I asked this question, caused by a confusion that I was able to crystallize in the comment section of ryang's answer.
What is negation? One could define it like this: $P \oplus \neg P$
That is not sufficient, however. There are many things that are of opposite truth-values. Take the proposition "all men are mortal". The proposition "bears have wings" has the opposite truth-value, but it isn't its negation. If this was all a negation was, the flipping of a truth value, then $\neg P$ for all true propositions could be the same, untrue proposition, and vice versa.
So, what else goes into a negation? They have to use the same terms, perhaps? Given that the aformentioned examples use different terms (man $\neq$ bear, mortal $\neq$ have wings), they cannot be negations of each other. So, it makes sense that a negation of a proposition uses all of the same terms, though the logical symbols will differ. However, I can construct many different propositions that contain all of the same terms from the negated propositon, that are of opposite truth-values from the proposition. So, what else is necessary for a negation to be valid?

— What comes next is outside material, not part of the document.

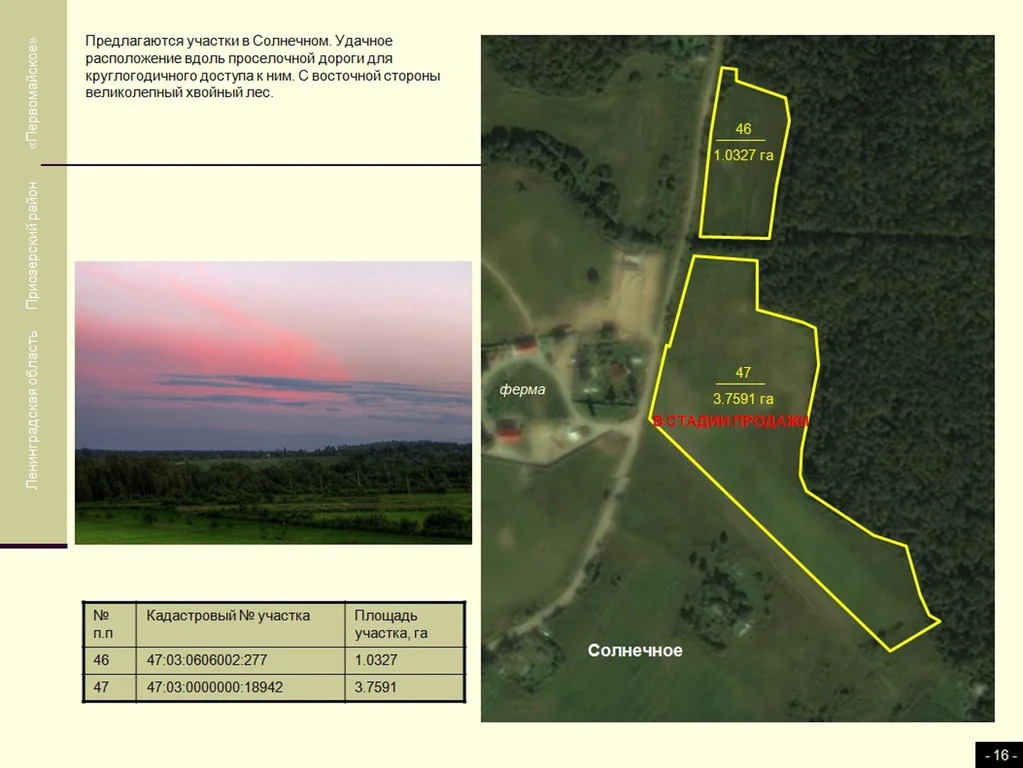 Продажа участка, Солнечное, Приозерский район - Фото 17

In the linked-to answer, it appears that an attempted negation must not just flip the truth-value in that case, but it must be of a form that always flips the truth-value.
Take the sentence "all line are straight". It's negation is "there exists a line that is not straight", because it is of an opposite truth-value, AND it's of a form that always produces an opposite truth value: $\exists x \in L, \neg S(x)$.
An attempted negation could be "all lines are not straight", which is also of the opposite truth-value, but of a form that does not always produce an opposite truth-value: $\forall x \in L, \neg S(x)$
Another attempted negation could be "all non-lines are straight", which would also have the opposite truth value in this scenario, but its form does not always produce opposite truth values: $\forall x \not \in L, S(x)$
I'm asking if this is correct:
A proposition and its negation are of a form such that all semantic interpretations of them yield opposite truth-values for them, and the terms inside the proposition and the negation are always the same (with respect to each other) within any interpretation.
If so:
To say the negation of any arbitrary, true proposition is the universally false proposition $P \land \neg P$ is not okay, because although it will always yield an opposite truth value, a valid negation also requires the preservation of terms. And to say the negation of e.g. $\neg(\forall x \in L, S(x)) \iff \forall x \in L, \neg S(x)$ is not true, because although the terms are preserved and although many semantic interpretations may yield opposite truth-values to the LHS and RHS, it isn't true that ANY semantic interpretation would do so.
Or, have I misunderstood what a negation is?